Last year, college students torched nine churches in rural Alabama, and 13 church burnings were reported during a 4-month period in Phoenix. According to the Bureau of Alcohol, Tobacco and Firearms, 15 to 20 churches burn down every month in America. Between 2001 and 2005, 1,101 churches burned in the U.S., 38-percent of which were ruled arson, 21-percent ruled accidental, while the remainder were of undetermined cause.
Interestingly, the media often seem perplexed about what motivates such attacks. In July, when two Oregon teens burned down a church after spray-painting satanic symbols and swastikas on its walls, most of the media put it down to adolescent tomfoolery gone too far.
Others in the media try to justify attacks on churches as the logical consequence of religion’s intolerance. Attempting to explain the spate of fires in Alabama last year, University of North Texas religious studies professor Joe Barnhart told the Christian Science Monitor, “If you burn a church and nobody’s there, then it’s not murder, it’s a message. Because we do have freedom of religion, consequently it sends a double message: Even as religion binds people together it also often alienates people.”

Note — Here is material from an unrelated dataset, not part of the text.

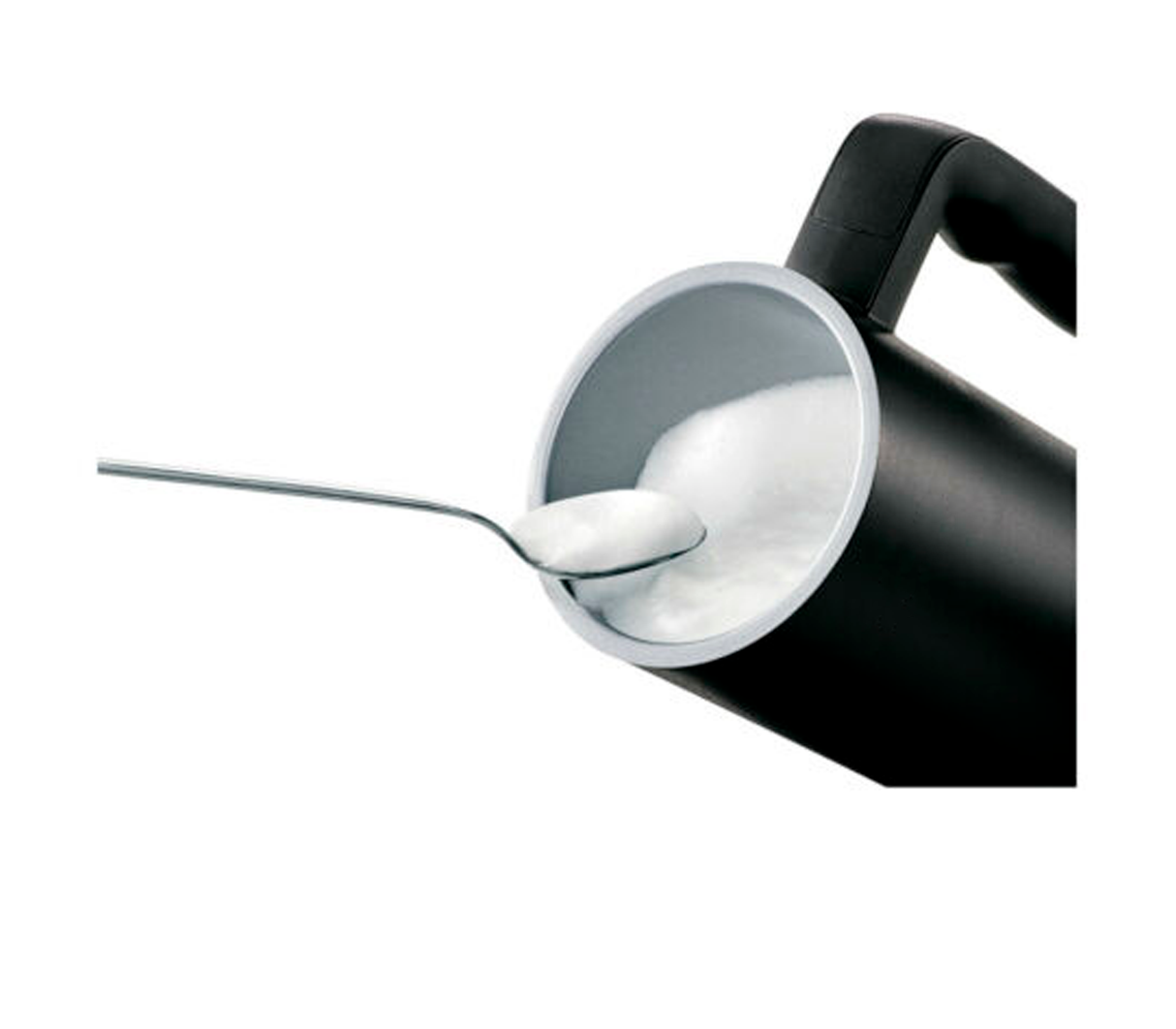 Espumador y calentador de leche 600W Prime Home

Even worse, after the recent attempted arson of the San Francisco cathedral, Dorothy Parvaz of the Seattle Post-Intelligencer wrote a blog entry justifying the attack, stating that she could “understand the power of the image to someone who sees the Church as an oppressive institution.” Later, when given an opportunity to apologize for her incendiary comments, Parvaz refused.
All this begs the question: What would happen if there were two attempts to burn down abortion centers, “gay bars” or mosques? Of course we would be inundated with regular media reports detailing how mean-spirited conservatives and hypocritical Christians foment hatred and violence. And there would be demands for conservative and Christian leaders everywhere to denounce the attacks. When the targets are Christians, however, the media respond with a collective shrug of indifference.
But a paradox exists in the hostility towards Christianity. Whether they come from gays in San Francisco, liberals in Hollywood or troubled teens in Alabama, attacks on Christianity are often explained away as responses to Christianity’s inherent bigotry and intolerance. Ironically, however, it is precisely because of Christianity’s tolerance and charity that anti-Christian bigots feel safe to launch their attacks.
Think about it. One rarely sees gay activists reproaching Muslim leaders or mocking Islam despite Islam’s condemnation of homosexuality and even though many Muslim nations outlaw homosexuality and torture and execute homosexuals. These activists refuse to attack Islam because they understand they cannot do so with impunity.
In contrast, Christianity, deeply rooted in the virtues of charity and forgiveness, teaches its followers to “turn the other cheek,” to such attacks. Christianity’s enemies feel compelled to attack it knowing they can do so without inviting violent reactions.
Of course we shouldn’t expect the gay activists in San Francisco to appreciate this irony. In fact, San Francisco’s most recent “cultural event,” the Castro Street Halloween parade, was canceled because city officials determined that it had become too violent. Last year, nine people were wounded when a gunman opened fire at the celebration, and past years have seen stabbings and other violence. Apparently, the peace and tolerance that supposedly define San Francisco have become too much for even the city’s police to tolerate.